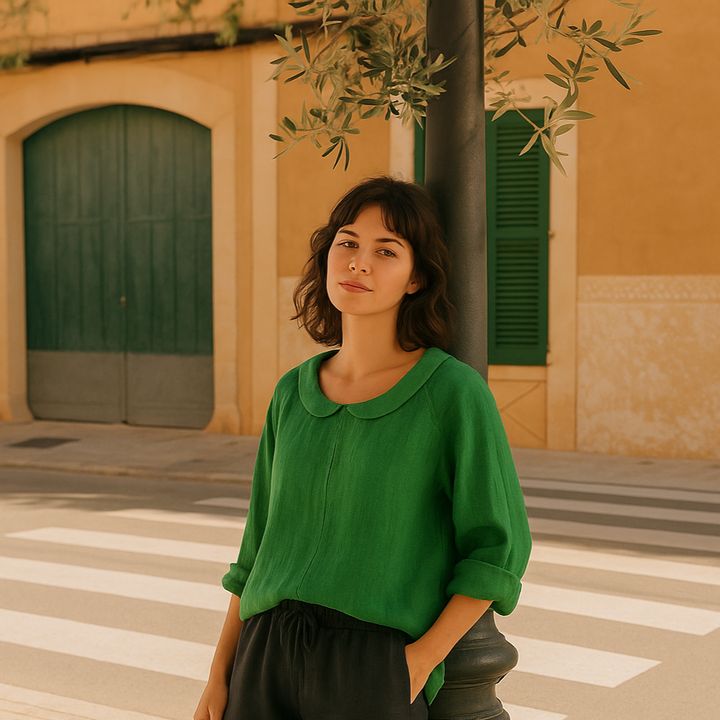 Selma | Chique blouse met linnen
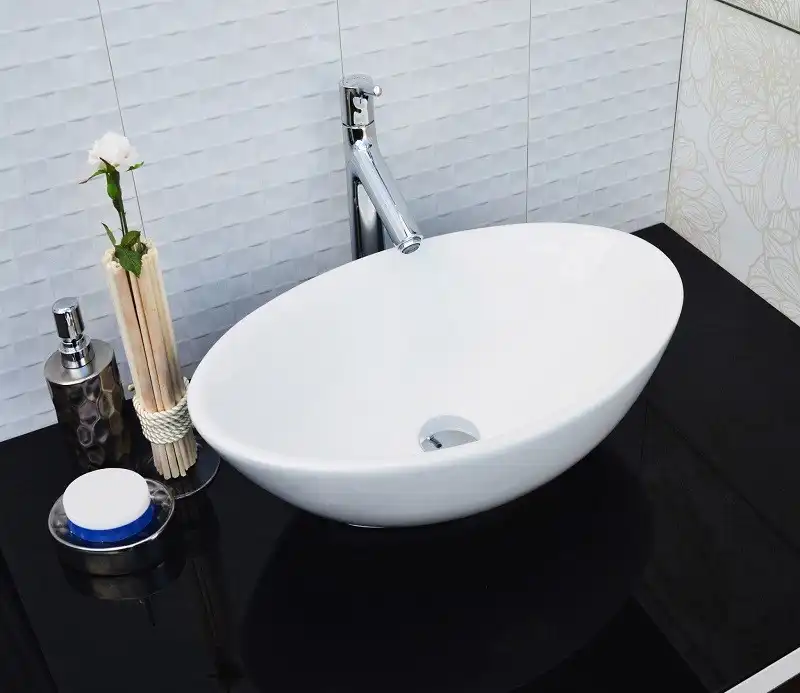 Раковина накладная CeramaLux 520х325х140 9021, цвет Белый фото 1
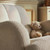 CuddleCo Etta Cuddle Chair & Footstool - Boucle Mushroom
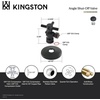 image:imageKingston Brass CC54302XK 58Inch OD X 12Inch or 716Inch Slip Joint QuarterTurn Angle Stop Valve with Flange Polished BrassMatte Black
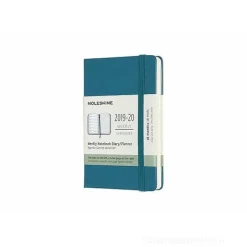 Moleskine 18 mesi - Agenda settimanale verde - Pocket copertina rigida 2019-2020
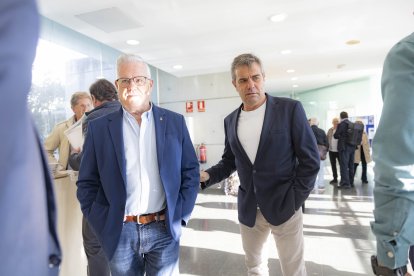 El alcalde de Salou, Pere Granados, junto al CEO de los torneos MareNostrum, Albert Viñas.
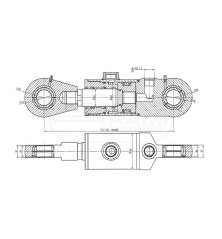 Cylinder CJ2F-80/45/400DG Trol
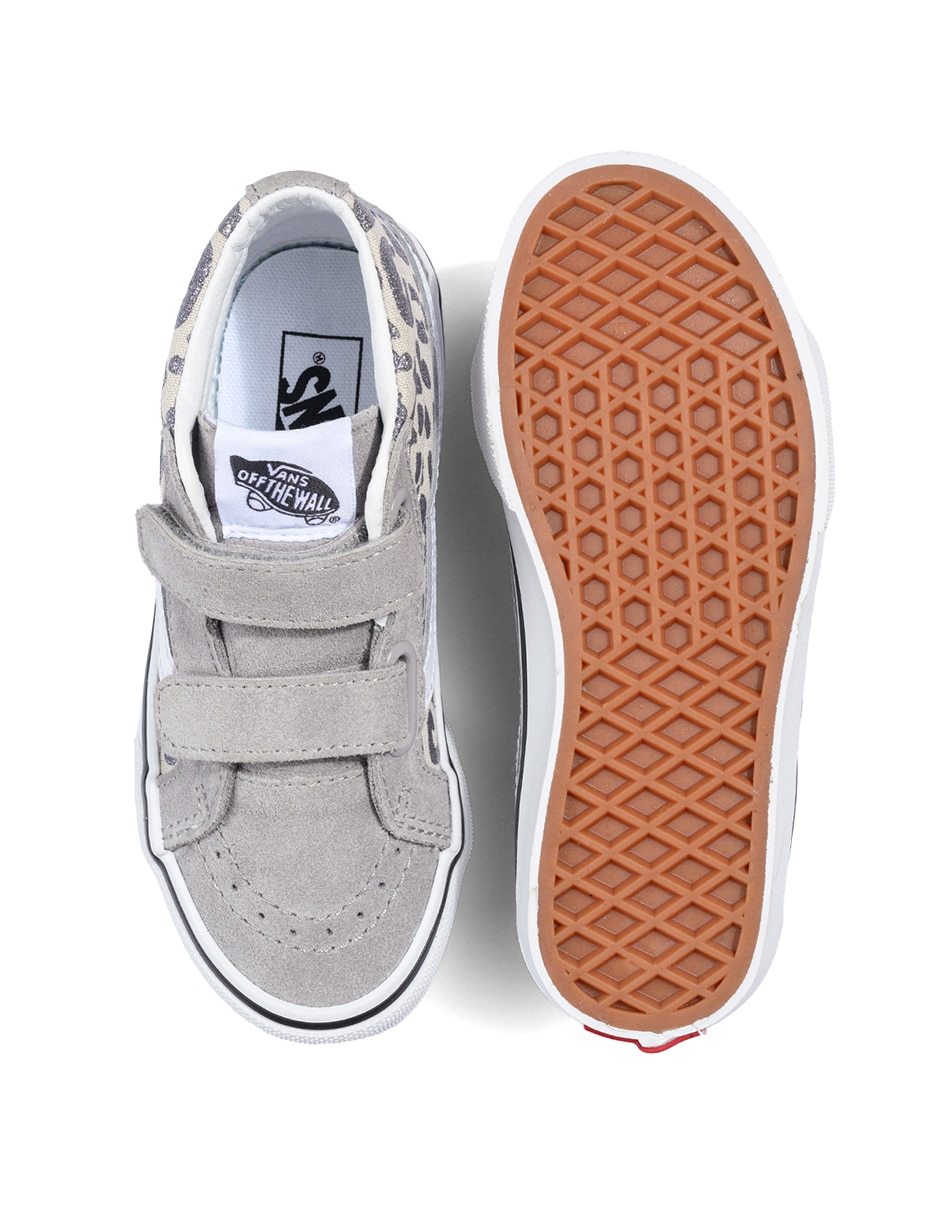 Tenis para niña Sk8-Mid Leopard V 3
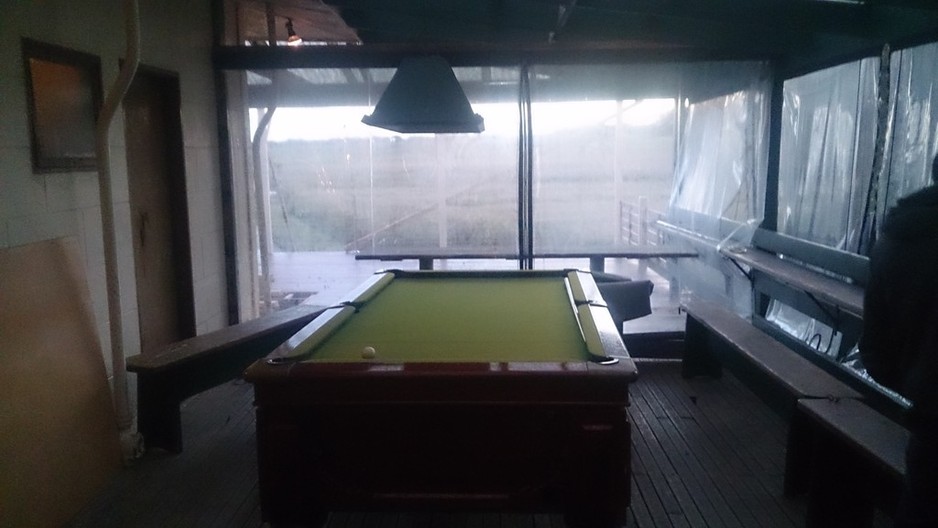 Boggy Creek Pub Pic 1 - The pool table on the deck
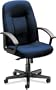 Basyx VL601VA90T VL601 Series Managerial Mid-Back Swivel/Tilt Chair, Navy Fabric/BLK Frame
—————
→ Exercise brief: Repeat word for word the lines starting at the one with "Tenis para niña Sk8-Mid Leopard V 3" and ending at the final line of the records above, both included; no pictures.

→ Task answer:
 Tenis para niña Sk8-Mid Leopard V 3
 Boggy Creek Pub Pic 1 - The pool table on the deck
 Basyx VL601VA90T VL601 Series Managerial Mid-Back Swivel/Tilt Chair, Navy Fabric/BLK Frame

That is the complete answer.